Eine Form für den Textmeilenstein
Zugegeben, solch einen überdies noch mit einer ästhetisch sprunghaften Montagetechnik versehenen Textmeilenstein auf die Bühne zu bringen, stellt kein einfaches Unterfangen dar. Dennoch hat Milica Čortanovački in seinem Regiedebüt am Nationaltheater Mannheim eine passende Form gefunden. Im Zentrum steht ein Aquarium (Bühne: Keiko Nakama), das sich im Laufe des Abends als virtuoses Hauptbild erweist. Da es dem Text letztlich um die Dekonstruktion von Gender-Klischees, mithin die feministisch flankierte Befreiung von Liebe und Sexualität geht, dient die gläserne Konstruktion zur Veranschaulichung all unserer künstlichen Normen. Ob im Reifrock oder im Korsett – stets erneut muss sich Orlando, souverän verkörpert von Antoinette Ullrich, die modischen Fesseln anlegen. Sie gleicht damit einem Fisch im artifiziellen Milieu unserer Wohnungen.
Doch damit nicht genug. Denn das transparente Sexagon, in dessen Mitte sich ein Schreibtisch befindet, repräsentiert auch noch genau das Gegenteil eines Gefängnisses. „Der Ozean ist voller Hermaphrodite“, hören wir an einer Stelle aus dem Off. Und wer würde diese Zwitterhaftigkeit besser verkörpern als… richtig, der Clown-Fisch! Er vermag binnen kurzer Zeit vom männlichen zum weiblichen Wesen zu wechseln und umgekehrt. Ihn als Luftballon träumerisch zwischen Seifenblasen über die Bühne schweben zu lassen, ist daher durchaus findig.

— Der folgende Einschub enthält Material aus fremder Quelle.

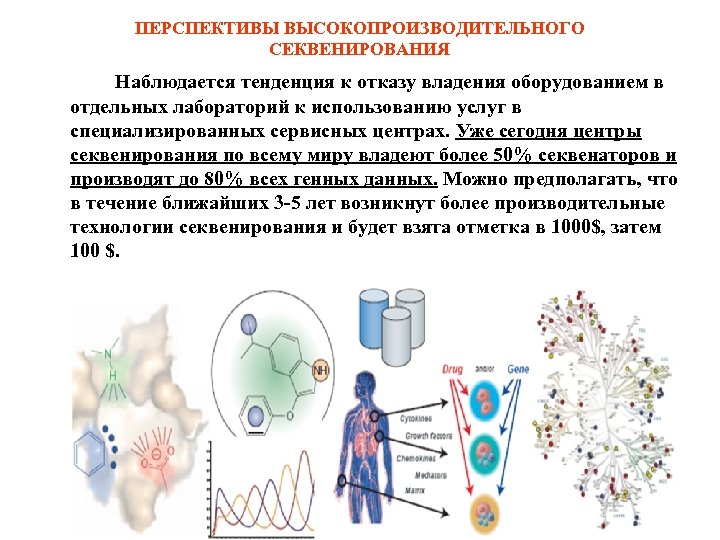 ПЕРСПЕКТИВЫ ВЫСОКОПРОИЗВОДИТЕЛЬНОГО СЕКВЕНИРОВАНИЯ Наблюдается тенденция к отказу владения оборудованием в отдельных лабораторий к использованию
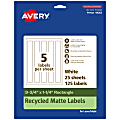 Avery® Recycled Paper Labels, 94262-EWMP25, Rectangle, 9-3/4" x 1-1/4", White, Pack Of 125 1 thumbnail image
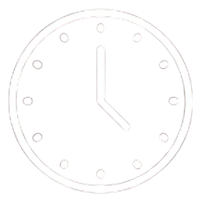 graphic of a clock pointing to 4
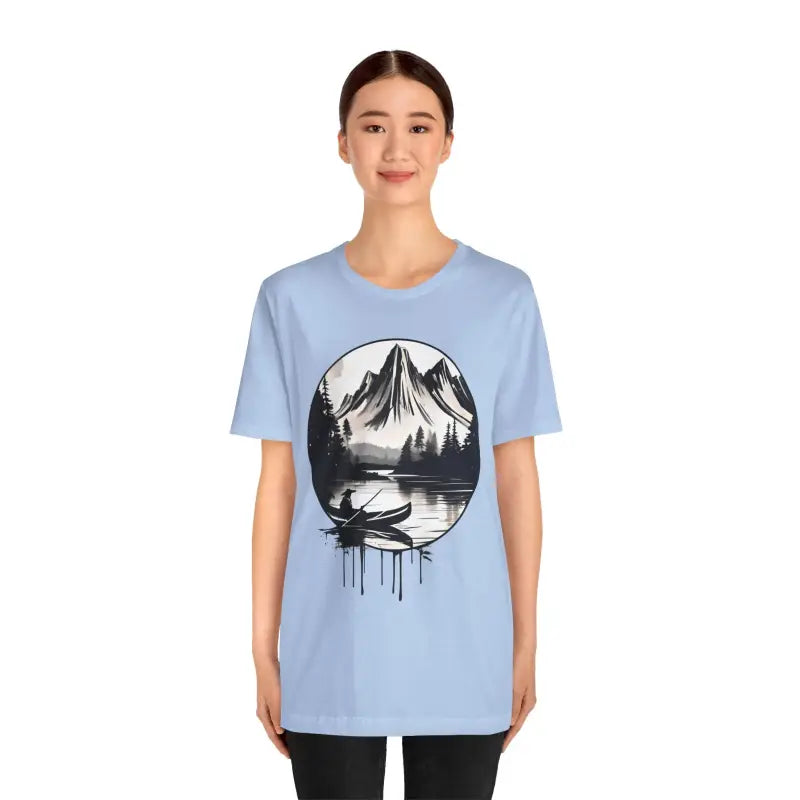 Samurai Canoeing Cotton T-Shirt - Jersey Short Sleeve - DipaliZ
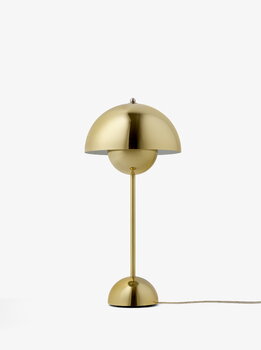 &Tradition Flowerpot VP3 table lamp, polished brass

Mehr Erzählung, weniger Spiel
Also alles großartig? Was die Einfälle der Regie anbetrifft zweifelsohne! Und dennoch fehlt dem Abend ein wenig die Dynamik, was insbesondere mit der Art der Textpräsentation zusammenhängt. Statt mehr und auch weniger überstilisiert miteinander zu spielen, erzählen die beiden Protagonisten (Virginia Woolf und Nebenfiguren: David Smith) die Geschehnisse nach, darunter ein Date auf einer Eisbahn, ein Aufenthalt in Konstantinopel oder eine Hochzeit. Die dazugehörigen Outfits entnimmt Orlando direkt Fäden von der Decke, an denen im Übrigen auch Wimpel mit dem jeweiligen Jahr, in dem wir uns befinden, angebracht sind. Kurzum: Verdichtung des Stücks auf wenige und dafür auratische Szenen und etwas mehr Interaktion hätten die Premiere bestimmt noch nobilitiert.

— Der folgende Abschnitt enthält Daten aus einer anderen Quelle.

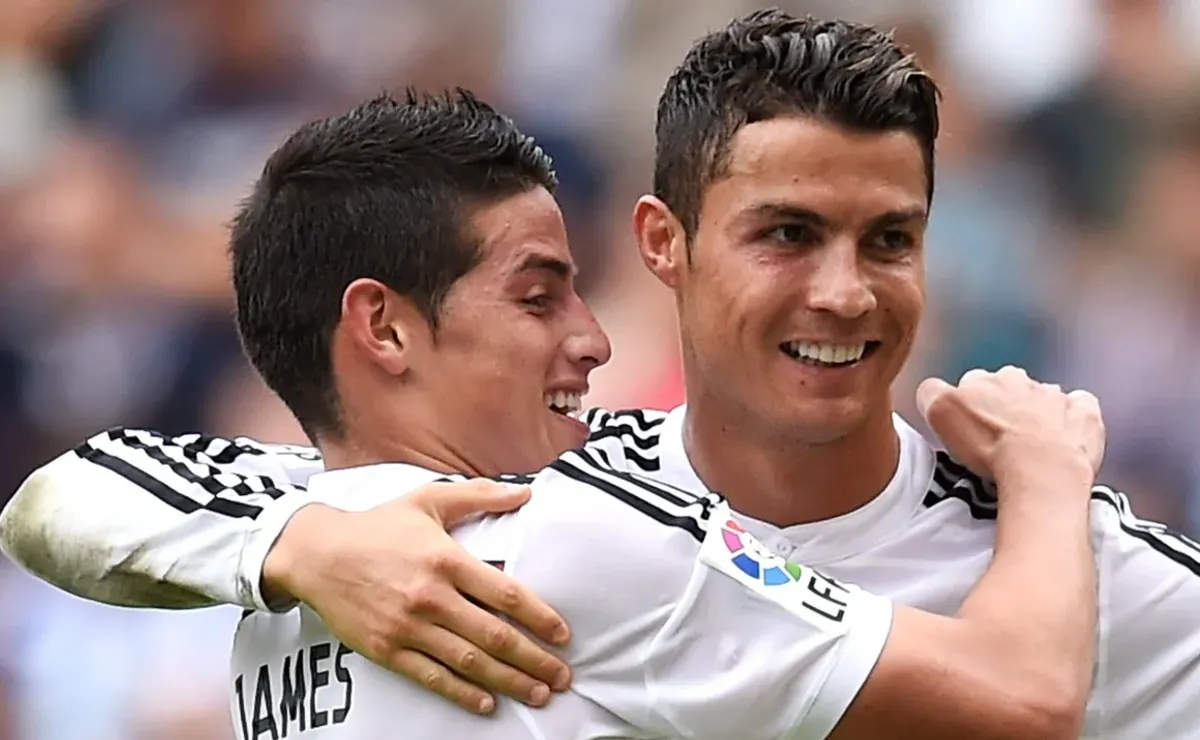 Uno de los mejores amigos de Cristiano Ronaldo reveló el equipo donde jugaría James Rodríguez - Bolavip Colombia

Aber geschenkt! Am Ende bleibt der stimmige Eindruck, in eine Rêverie eingetaucht zu sein. Dazu tragen insbesondere das feine Lichtdesign und die sphärische Musik von Sherwin Douki bei. Alles wirkt dabei auch ein wenig wie „Work in Progress“, mit spielerischer Freude und Leichtigkeit. Dies trägt wiederum dem Stück Rechnung. Denn Orlando ist, wie es am Schluss heißt, „noch kein fertiger Mensch“, er ist „noch immer im Werden“.